The sum in this case is 1 + 2 + 3 … 43 + 44 + 81 = 44*45 + 81

We can see that this is divisible by 9

= The number is divisible by 9

= Rem [1234…..434481/9] = 0

Rem [1234…..434481/5] = 1 (It only depends on the last digit)

So, our answer is a number which leaves a remainder of 1 when divided by 5 and is divisible by 9.

Consider multiple of 9,

9, does not leave a remainder of 1 from 5. Invalid.

18, does not leave a remainder of 1 from 5. Invalid.

27, does not leave a remainder of 1 from 5. Invalid.

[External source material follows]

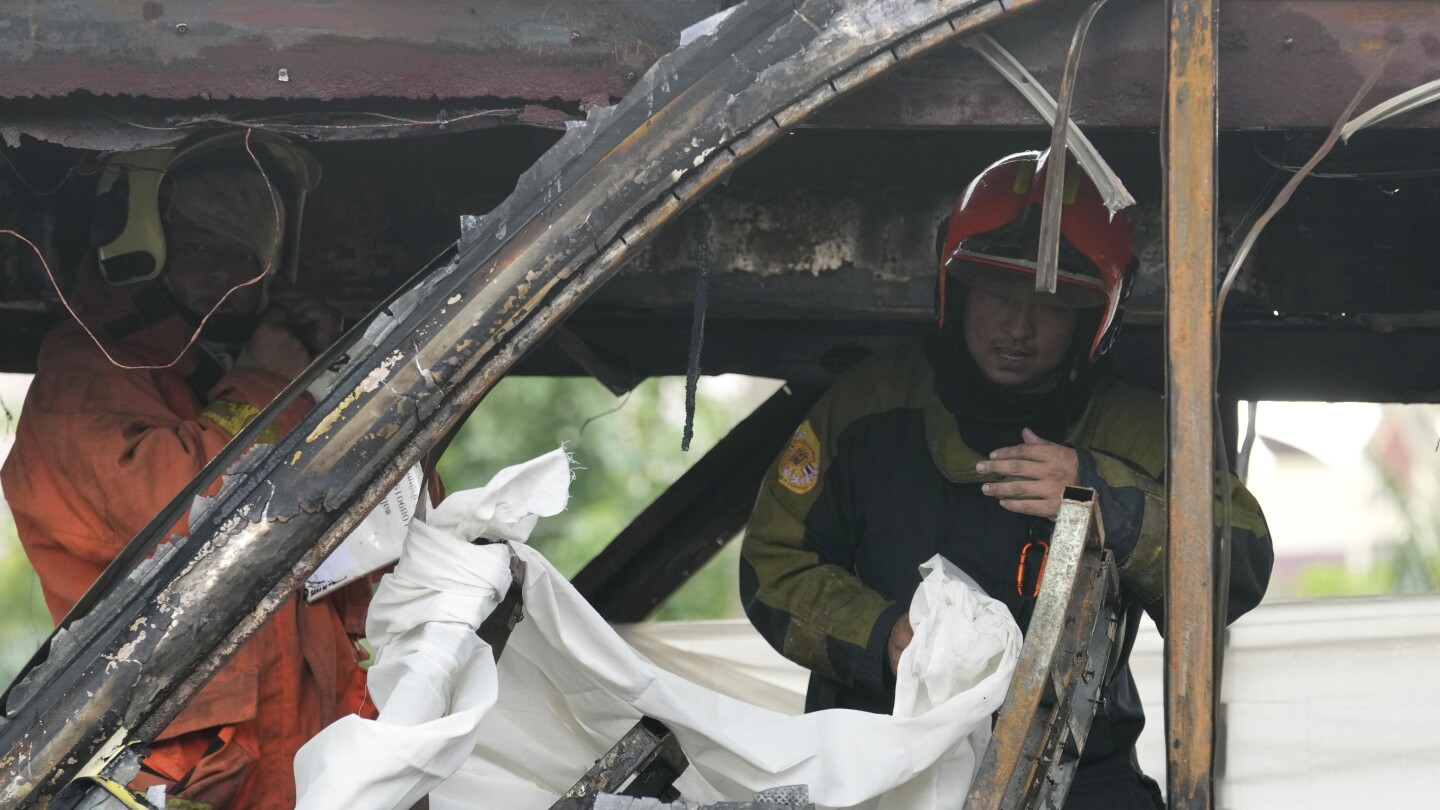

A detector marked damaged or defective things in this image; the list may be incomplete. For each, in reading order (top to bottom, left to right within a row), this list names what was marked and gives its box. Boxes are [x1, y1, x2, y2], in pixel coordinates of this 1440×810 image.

rusted metal pillar [1157, 0, 1215, 801]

36, leaves a remainder of 1 from 5. Valid. (This is our answer)

**4) What is the remainder when 123456………….4647484950 is divided by 16?**

Ans: To find out the remainder from 2^n, we just need to look at the last ‘n’ digits.

= Rem [123…484950 / 16]

= Rem [4950/16]

= 6

**5) What is the remainder when 1! + 2! + 3! … 100! is divided by 18?**

Ans: We have to find out Remainder of when divided by 18.

= Rem [(1! + 2! + 3! … 100!)/18]

6! is divisible by 18

7! is divisible by 18

.

.

100! is divisible by 18

= We have to find out Rem[(1! + 2! + 3! + 4! + 5!)/18]

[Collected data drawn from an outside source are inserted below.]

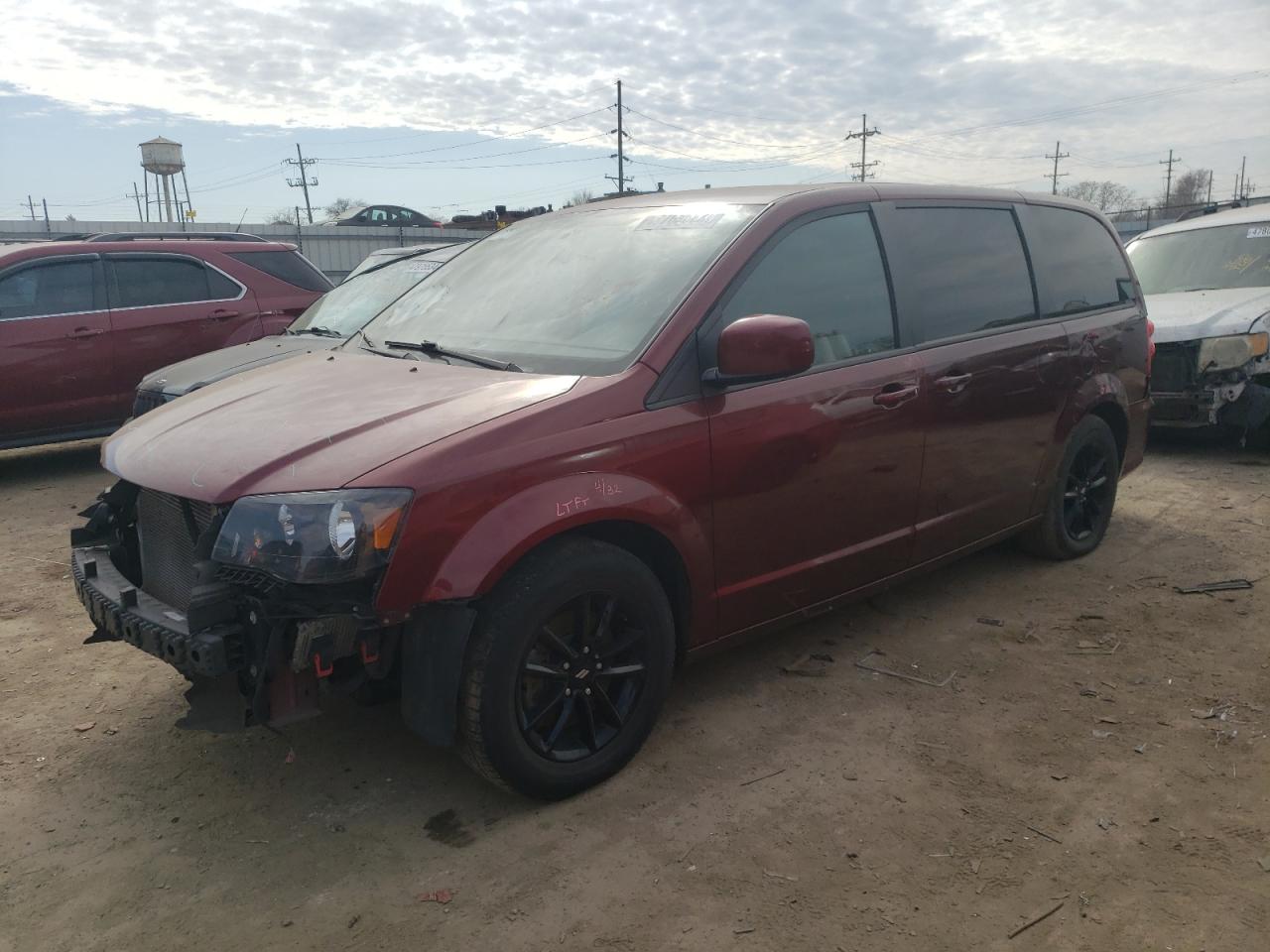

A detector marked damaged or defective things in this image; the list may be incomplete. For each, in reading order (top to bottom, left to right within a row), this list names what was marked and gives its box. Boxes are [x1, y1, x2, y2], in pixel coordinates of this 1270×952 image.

cracked hood [138, 335, 341, 395]
cracked hood [105, 351, 579, 506]
damaged red minivan [74, 184, 1159, 797]
white damaged vehicle [1127, 206, 1270, 436]
cracked hood [1143, 286, 1270, 345]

= Rem [ (1 + 2 + 6 + 24 + 120)/18]

= Rem [153/18] = 9

**6) What is the remainder when the infinite sum (1!)² + (2!)² + (3!)² + ··· is divided by 1152?**

Ans: We have to find out the remainder when (1!)² + (2!)² + (3!)² + ··· is divided by 1152

1152 = 2^7 * 3^2

= (6!)^2 is divisible by 1152

= All (n!)^2 are divisible by 1152 as long as n > 5

So, our problem is now reduced to

Rem [((1!)² + (2!)² + (3!)² + (4!)² + (5!)²)/1152]

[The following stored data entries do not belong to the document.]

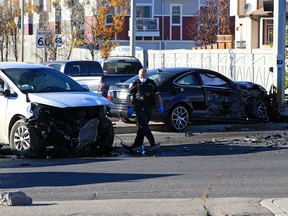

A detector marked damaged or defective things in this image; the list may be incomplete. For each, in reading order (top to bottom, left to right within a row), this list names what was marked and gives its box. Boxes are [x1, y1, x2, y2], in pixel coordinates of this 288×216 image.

damaged white car [0, 61, 114, 158] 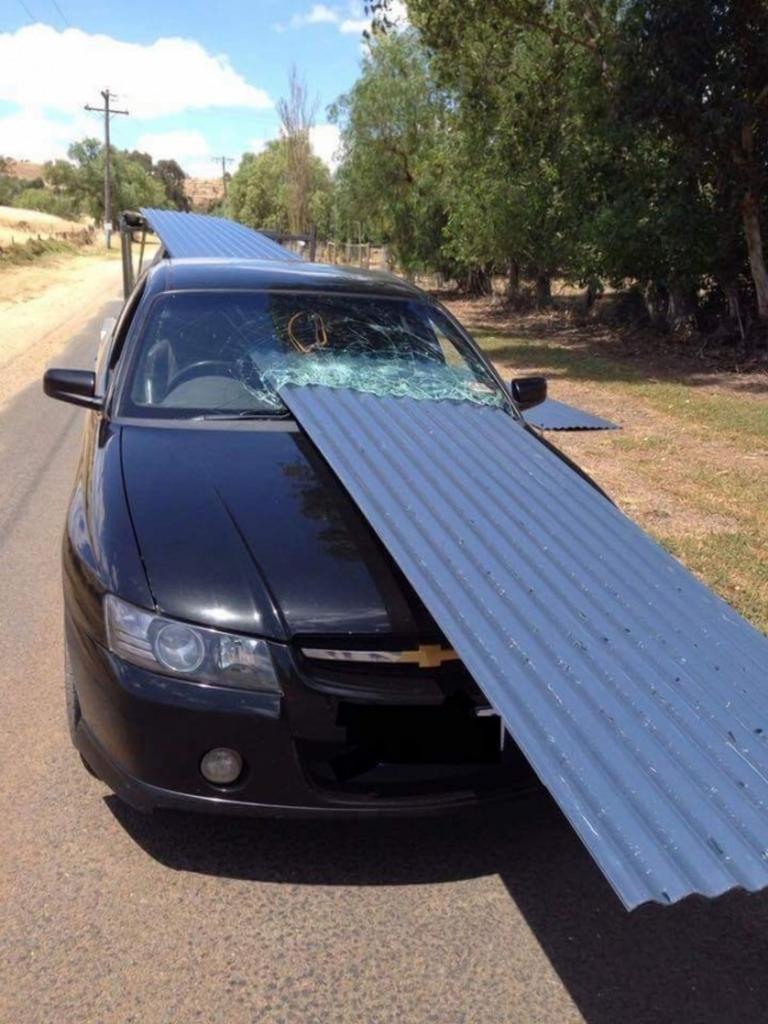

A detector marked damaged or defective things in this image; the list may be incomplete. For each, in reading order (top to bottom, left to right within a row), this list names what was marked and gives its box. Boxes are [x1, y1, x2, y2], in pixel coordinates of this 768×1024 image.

shattered windshield [120, 288, 508, 416]
damaged windscreen glass [120, 286, 508, 418] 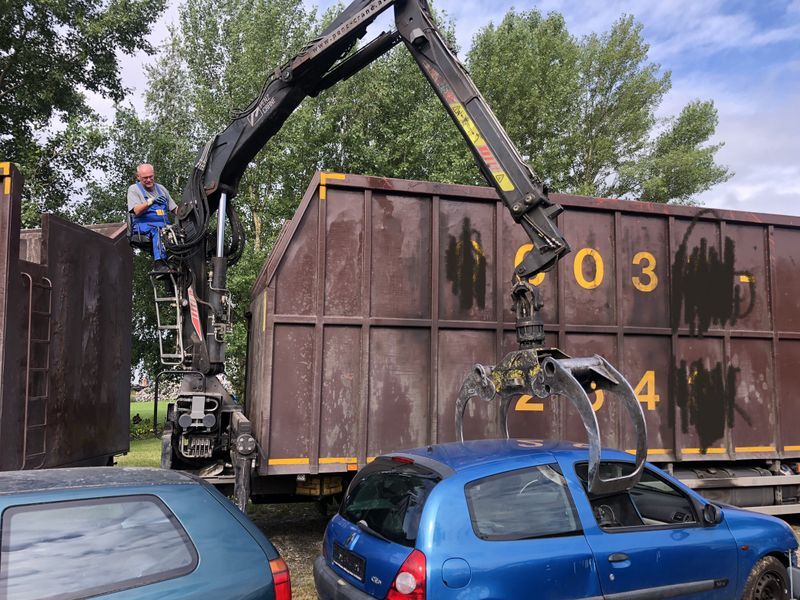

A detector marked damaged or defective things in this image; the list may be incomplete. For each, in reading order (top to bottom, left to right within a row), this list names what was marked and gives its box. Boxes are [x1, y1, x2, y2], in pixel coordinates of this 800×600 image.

rusted metal panel [0, 163, 131, 468]
rusty metal container [0, 163, 133, 468]
rusty metal container [247, 171, 796, 476]
rusted metal panel [247, 172, 800, 474] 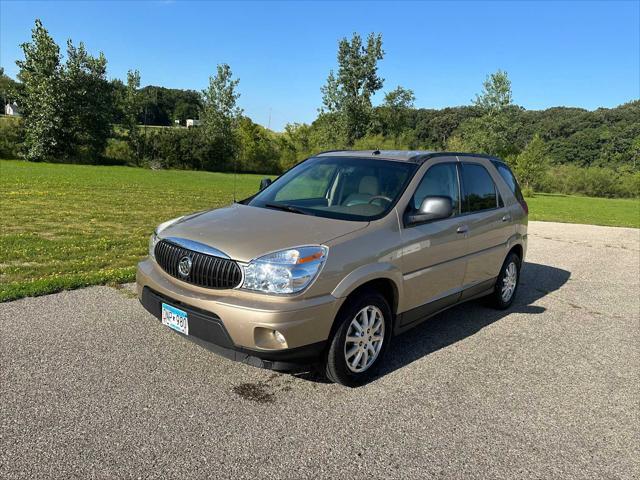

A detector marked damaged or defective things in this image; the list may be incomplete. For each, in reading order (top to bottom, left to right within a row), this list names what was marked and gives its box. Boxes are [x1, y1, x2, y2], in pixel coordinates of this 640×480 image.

cracked asphalt [0, 222, 636, 480]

= Rem[(1 + 4 + 36 +576 + 14400) / 1152]

= Rem [15017/1152]

= 41

**7) What is the remainder when 3^21 + 9^21 + 27^21 + 81^21 is divided by (3^20+1)?**

Ans: 3^21 + 9^21 + 27^21 + 81^21

= 3^21 + (3^21)^2 + (3^21)^3 + (3^21)^4

= x + x^2 + x^3 + x^4

where x = 3^21

Now, 3^21 = 3(3^20) = 3(3^20 + 1) – 3

= Rem [3^21 / (3^20+1)] = -3

= Rem [x / (3^20 + 1)] = -3

We can use this to find out out answer

Rem [(x + x^2 + x^3 + x^4) / (3^20 + 1) ] = (-3) + (-3)^2 + (-3)^3 + (-3)^4

= -3 + 9 – 27 + 81 = 60

**8) What is the remainder when 2222…..300 times is divided by 999?**

Ans: To check divisibility by 999, check the sum of the digits taken 3 at a time

Sum of the digits of 222…. 300 times (taken 3 at a time)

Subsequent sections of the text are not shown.